:: Your goal ::
Return exactly, please, the lines from the one containing "هتل Agriturismo Renzano Garden Apartments" to the last line of the entries below, and nothing else, leaving pictures out.

:: Entries supplied ::
______________________________

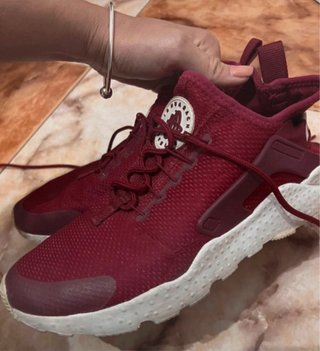 Zapatilla Nike Huarache Roja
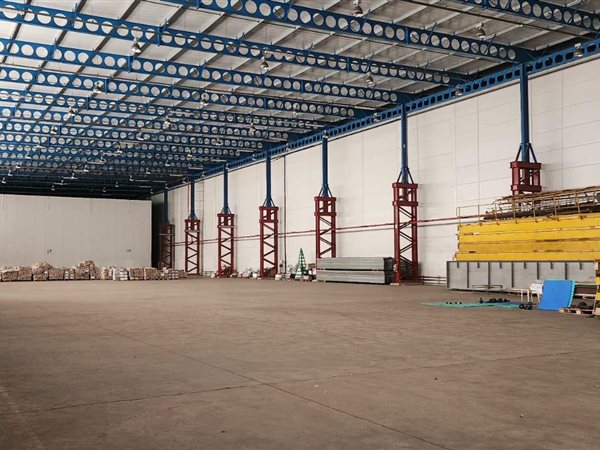 2 300  m² Industrial space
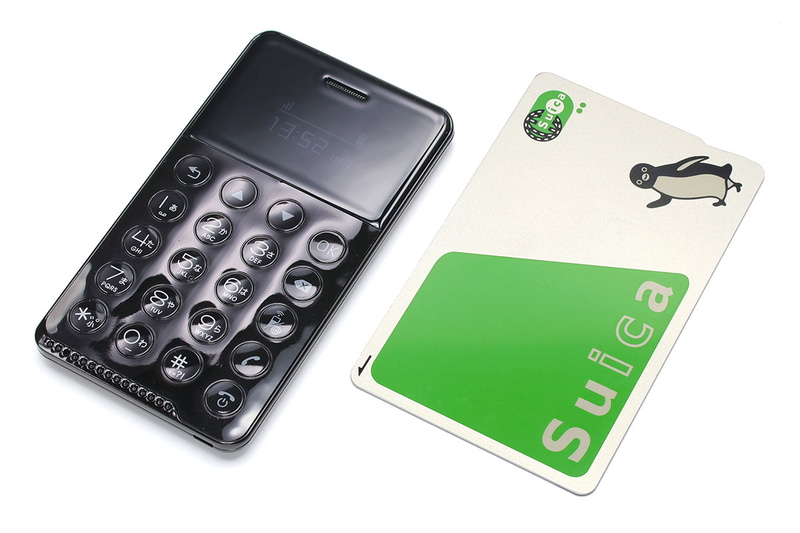 「NichePhone-S」のサイズは長辺90×短辺50×厚さ6.5mm。Suicaのサイズは約長辺85×短辺54×厚さ1mm。ほぼ同じサイズ感です。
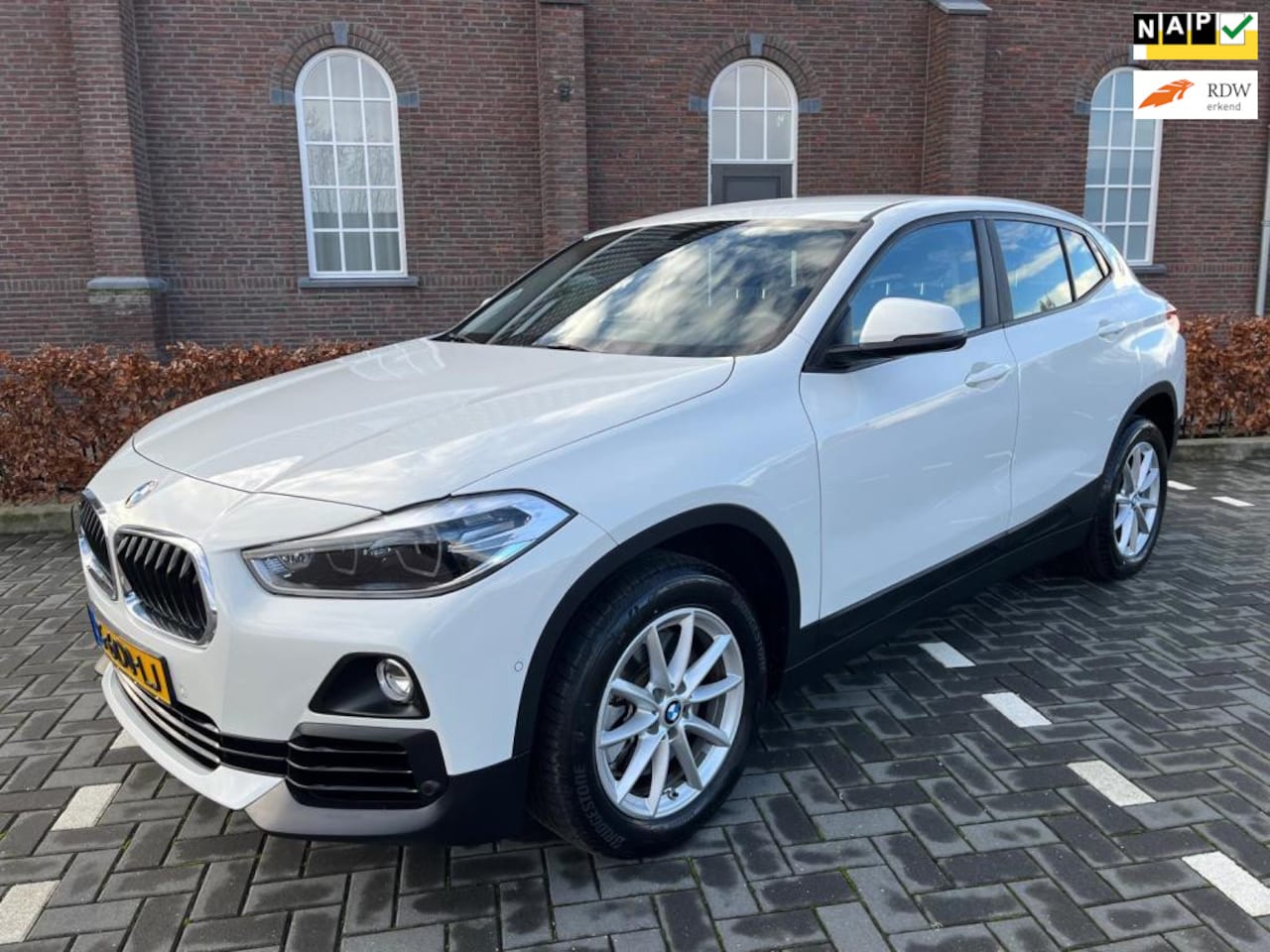 BMW X2 - SDrive20i Executive Edition Automaat 2019 Unieke KM - AutoWereld.nl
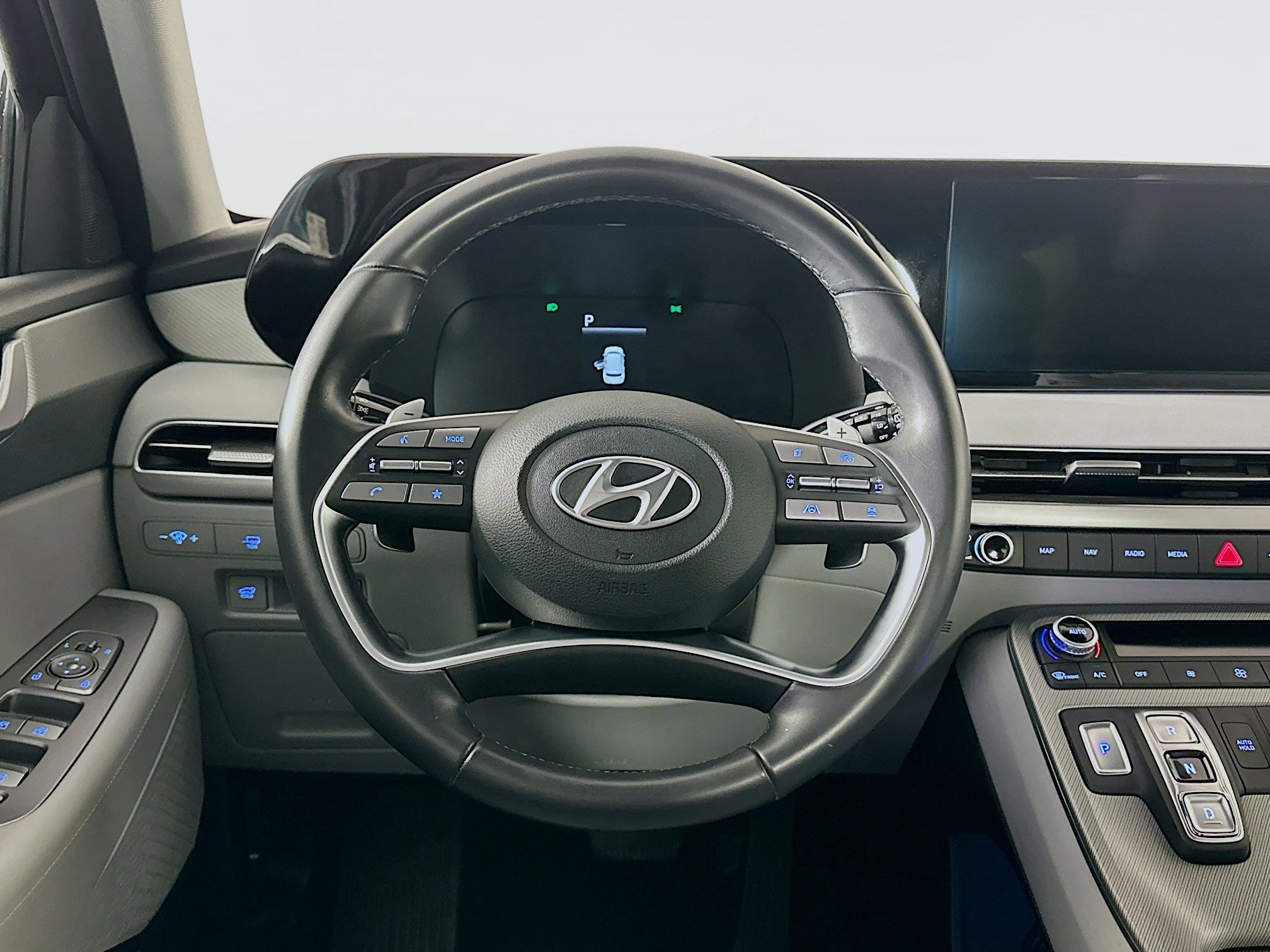 Used 2025 Hyundai Palisade SEL image 18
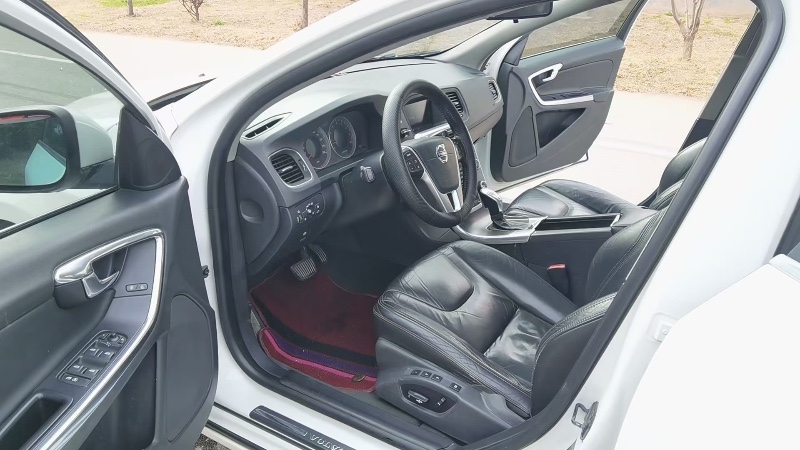 徐州13年沃尔沃S60L8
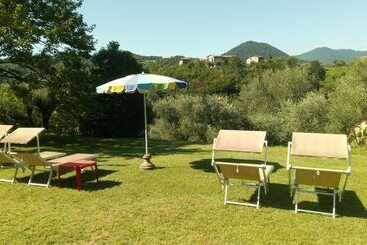 هتل Agriturismo Renzano Garden Apartments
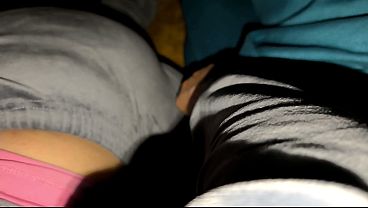 Ngentot Istri Tetangga Sambil Suaminya Di Kamar Sebelah, Cewek Arab Minta Digenjot Hot.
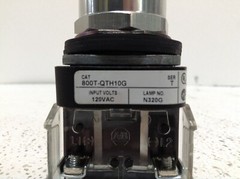 Allen Bradley 800T-QTH10G Green Illuminated Push Button 800TQTH10G 800T (TSC)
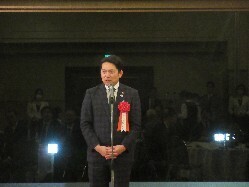 岐阜中金会懇親会に出席し、あいさつ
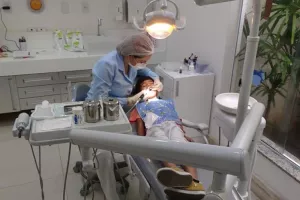 Βρετανοί αναγκάζονται να βγάζουν... μόνοι τα δόντια τους λόγω οδοντιατρικής κρίσης
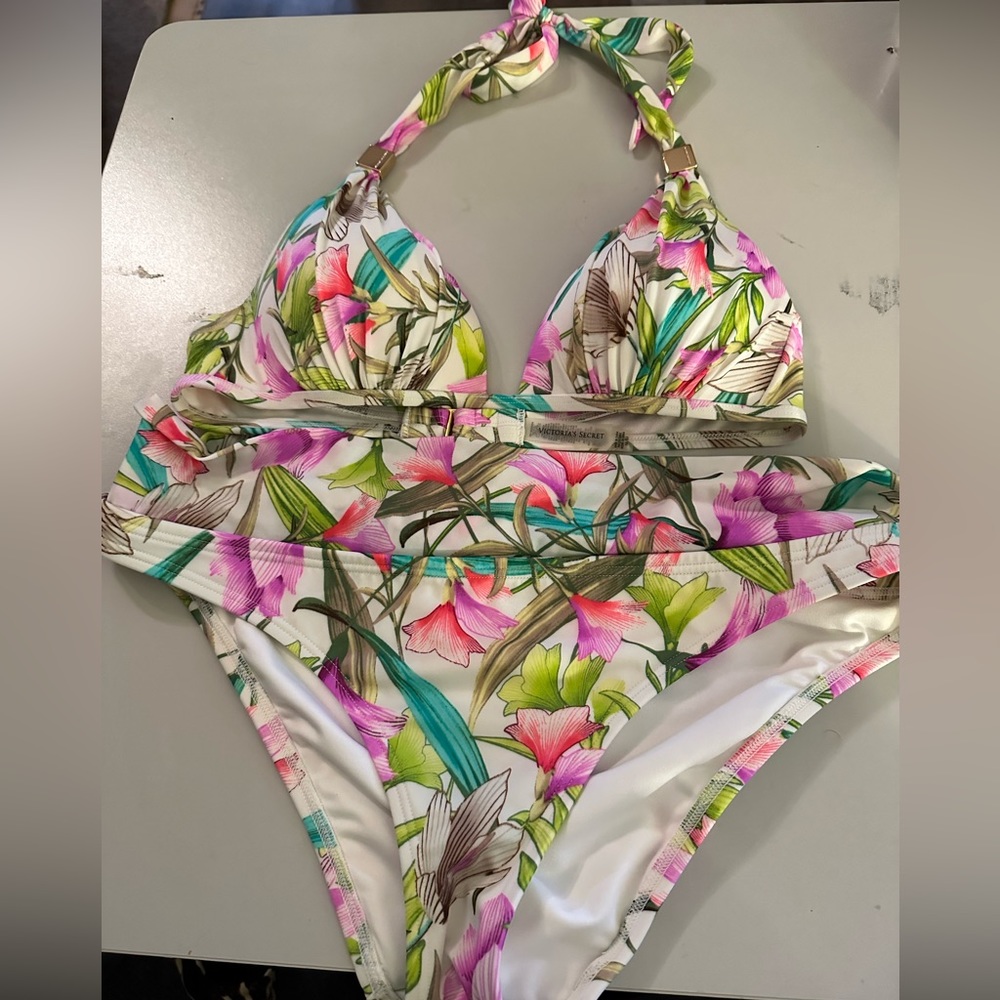 Victoria’s Secret size M Bikini Top and Bottom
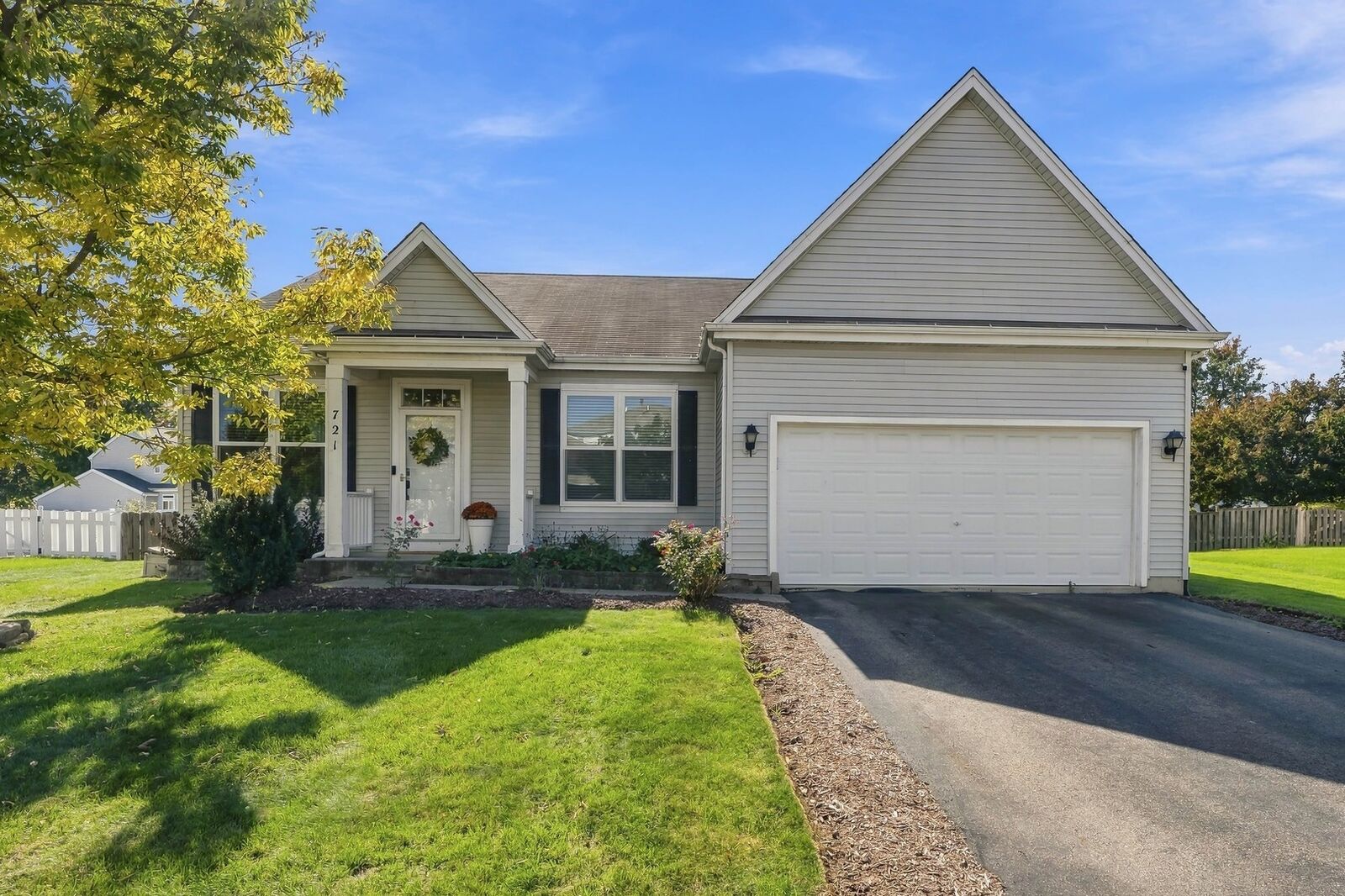Property Photo: 721 Periwinkle Lane IL 60504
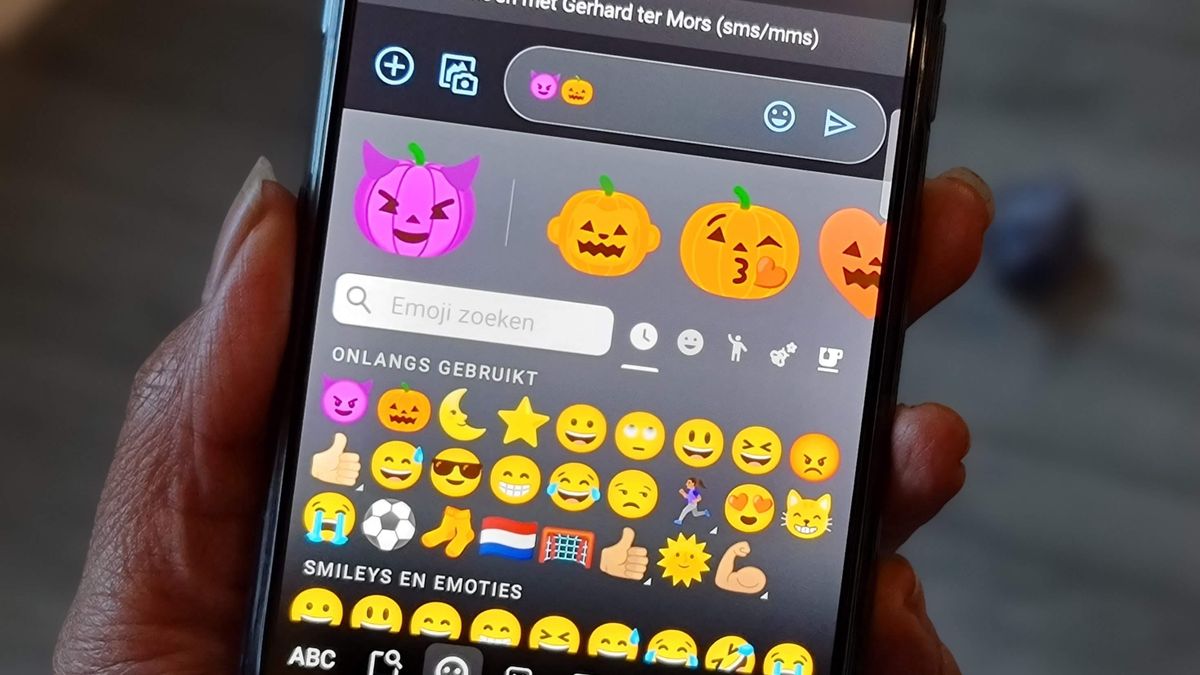 With Android 14 you will soon be able to create your own emoji wallpaper for your Pixel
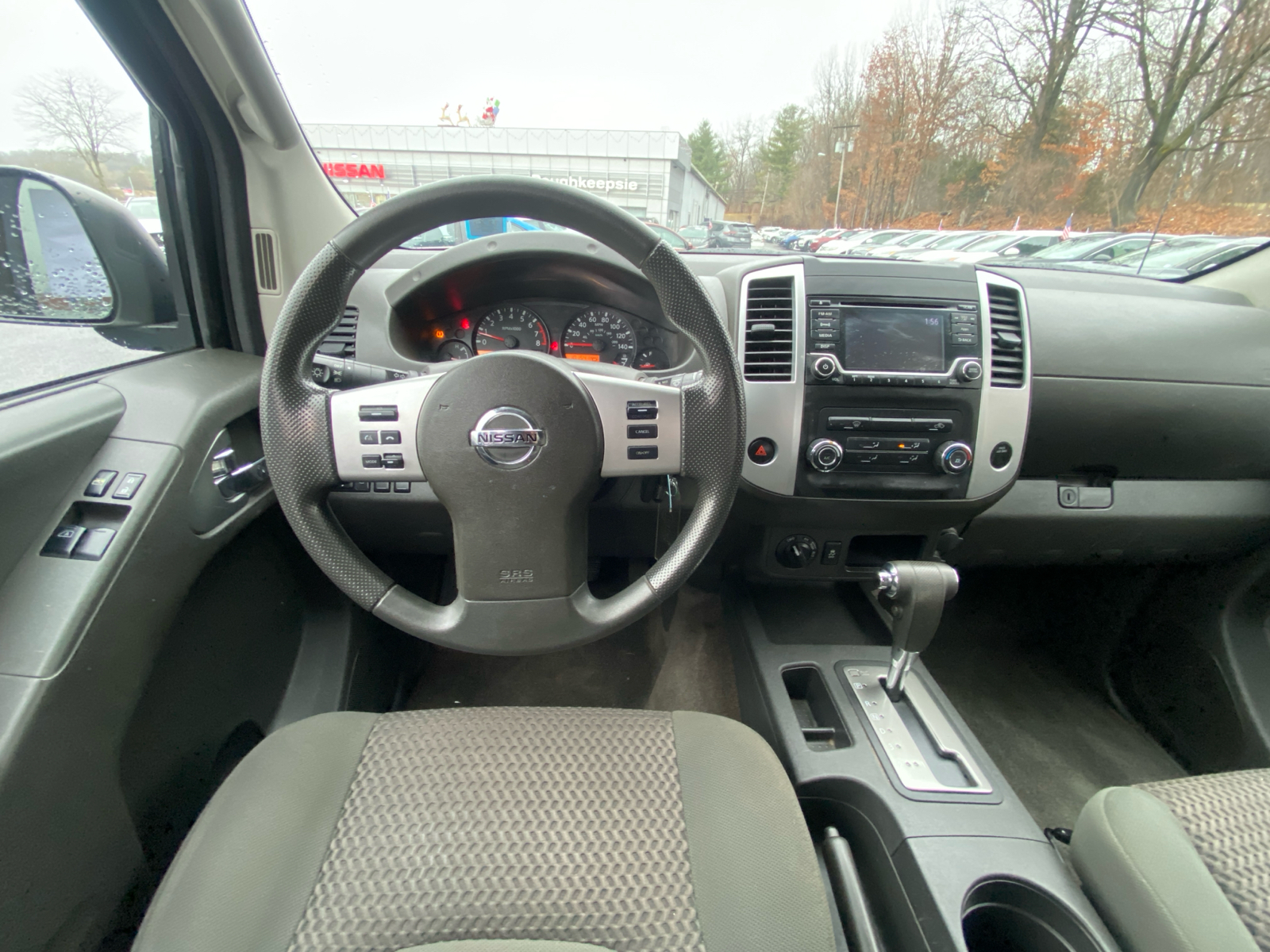 2015 Nissan Frontier SV 10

______________________________

:: Task answer ::
 هتل Agriturismo Renzano Garden Apartments
 Ngentot Istri Tetangga Sambil Suaminya Di Kamar Sebelah, Cewek Arab Minta Digenjot Hot.
 Allen Bradley 800T-QTH10G Green Illuminated Push Button 800TQTH10G 800T (TSC)
 岐阜中金会懇親会に出席し、あいさつ
 Βρετανοί αναγκάζονται να βγάζουν... μόνοι τα δόντια τους λόγω οδοντιατρικής κρίσης
 Victoria’s Secret size M Bikini Top and Bottom
Property Photo: 721 Periwinkle Lane IL 60504
 With Android 14 you will soon be able to create your own emoji wallpaper for your Pixel
 2015 Nissan Frontier SV 10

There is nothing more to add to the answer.